It’s not just about producing food, Williams said.

“Indigenous aquaculture is a whole other thing,” he said. “It’s about working with the place.”

The practice relies on natural processes, Greiner said. Nothing foreign is introduced to the site.

Meanwhile, in the remaining net pens across the bay, foreign fish, and later steelhead trout from hatcheries, were dumped into the contraption and fed food and nutrients that weren’t part of the natural system. And the practice of harvesting the fish was purely extractive, rather than improving the natural conditions, Greiner said.

“If we can’t harvest it”

Many Indigenous leaders along the Salish Sea backed Franz’s decision to end commercial net-pen farming. Some, like Lummi Nation Chair Tony Hillaire, said any risk to the health of marine relations — finfish, shellfish or the water itself — was too great of a risk.

Others said the net pens were physically interfering with treaty rights to fish in their usual and accustomed areas.

Allen, the Jamestown S’Klallam chair, opposed the commissioner’s decision. He believes fish farming is necessary to limit the potential overfishing of wild stocks and mitigate the effects of climate change on seafood abundance.

Franz said there will be a carve-out for tribes in her finfish farming policy, but it’s not yet clear what that may look like.

“We are into farming,” Allen said. “We are doing it with shellfish and want to do it with finfish.”
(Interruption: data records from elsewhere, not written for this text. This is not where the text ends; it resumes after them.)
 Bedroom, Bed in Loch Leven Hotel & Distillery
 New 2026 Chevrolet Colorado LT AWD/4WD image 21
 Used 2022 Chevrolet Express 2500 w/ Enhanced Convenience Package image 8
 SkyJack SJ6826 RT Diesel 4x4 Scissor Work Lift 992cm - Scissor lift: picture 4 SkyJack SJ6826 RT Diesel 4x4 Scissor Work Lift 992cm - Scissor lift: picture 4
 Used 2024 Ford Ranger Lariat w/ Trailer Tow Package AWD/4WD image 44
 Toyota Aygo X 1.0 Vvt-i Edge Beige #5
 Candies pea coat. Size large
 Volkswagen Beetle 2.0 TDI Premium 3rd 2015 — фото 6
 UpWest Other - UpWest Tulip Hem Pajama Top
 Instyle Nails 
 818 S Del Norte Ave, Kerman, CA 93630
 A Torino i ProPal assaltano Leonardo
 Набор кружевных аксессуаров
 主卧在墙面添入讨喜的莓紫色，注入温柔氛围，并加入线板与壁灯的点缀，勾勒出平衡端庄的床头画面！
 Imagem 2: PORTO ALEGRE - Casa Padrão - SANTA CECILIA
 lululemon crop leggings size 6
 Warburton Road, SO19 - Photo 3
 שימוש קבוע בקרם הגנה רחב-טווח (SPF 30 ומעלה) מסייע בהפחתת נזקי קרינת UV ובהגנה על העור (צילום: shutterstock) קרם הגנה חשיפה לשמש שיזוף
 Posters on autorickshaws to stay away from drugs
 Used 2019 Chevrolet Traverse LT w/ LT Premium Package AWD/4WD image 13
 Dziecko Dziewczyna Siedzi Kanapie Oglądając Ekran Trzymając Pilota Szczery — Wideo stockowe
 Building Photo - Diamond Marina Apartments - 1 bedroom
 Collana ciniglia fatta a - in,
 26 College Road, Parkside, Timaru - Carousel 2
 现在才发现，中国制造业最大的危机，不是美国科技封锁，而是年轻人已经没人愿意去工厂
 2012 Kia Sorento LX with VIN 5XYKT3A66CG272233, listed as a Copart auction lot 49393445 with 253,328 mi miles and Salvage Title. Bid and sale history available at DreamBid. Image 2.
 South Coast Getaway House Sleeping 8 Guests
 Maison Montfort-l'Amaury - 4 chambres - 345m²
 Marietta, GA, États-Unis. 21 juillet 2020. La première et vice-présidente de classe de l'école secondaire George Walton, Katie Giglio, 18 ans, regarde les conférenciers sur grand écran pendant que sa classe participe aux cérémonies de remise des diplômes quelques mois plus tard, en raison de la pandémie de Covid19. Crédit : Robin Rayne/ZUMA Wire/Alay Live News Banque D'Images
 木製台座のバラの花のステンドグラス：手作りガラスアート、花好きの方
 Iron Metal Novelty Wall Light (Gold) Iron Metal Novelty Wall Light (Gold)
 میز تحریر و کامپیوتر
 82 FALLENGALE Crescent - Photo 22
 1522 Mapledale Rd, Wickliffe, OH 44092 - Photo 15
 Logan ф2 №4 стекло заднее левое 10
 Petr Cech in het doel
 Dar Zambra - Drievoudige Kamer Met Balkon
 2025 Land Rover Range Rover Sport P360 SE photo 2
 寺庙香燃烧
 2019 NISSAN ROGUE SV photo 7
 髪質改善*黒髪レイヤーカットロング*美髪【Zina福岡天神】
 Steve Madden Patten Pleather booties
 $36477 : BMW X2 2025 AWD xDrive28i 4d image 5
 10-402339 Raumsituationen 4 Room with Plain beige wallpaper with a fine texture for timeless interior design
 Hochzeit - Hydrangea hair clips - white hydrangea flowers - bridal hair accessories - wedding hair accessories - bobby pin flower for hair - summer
The Jamestown S’Klallam Tribe announced a joint venture with Cooke Aquaculture in 2019, with plans to raise fish off the Olympic Peninsula. The project was the vision of the late Kurt Grinnell, a tribal council member who helped launch Jamestown Seafood, the tribe’s shellfish farming enterprise.

Grinnell fished for sockeye and chum salmon and eventually dived for geoduck. He’d heard elders tell stories of plentiful salmon runs, crab and shellfish harvests, but that wasn’t something he saw in his lifetime.

“He thought, if we can’t harvest it anymore because of whatever issues are out there, we better darn well be growing it ourselves,” Jamestown Seafood CEO Jim Parsons said.

The tribe’s seafood company started with geoduck and is now in the oyster business, too. Down at Littleneck Beach, just a stone’s throw from the tribe’s casino, crushed pearly white oyster shells fill a small winding path to the shore.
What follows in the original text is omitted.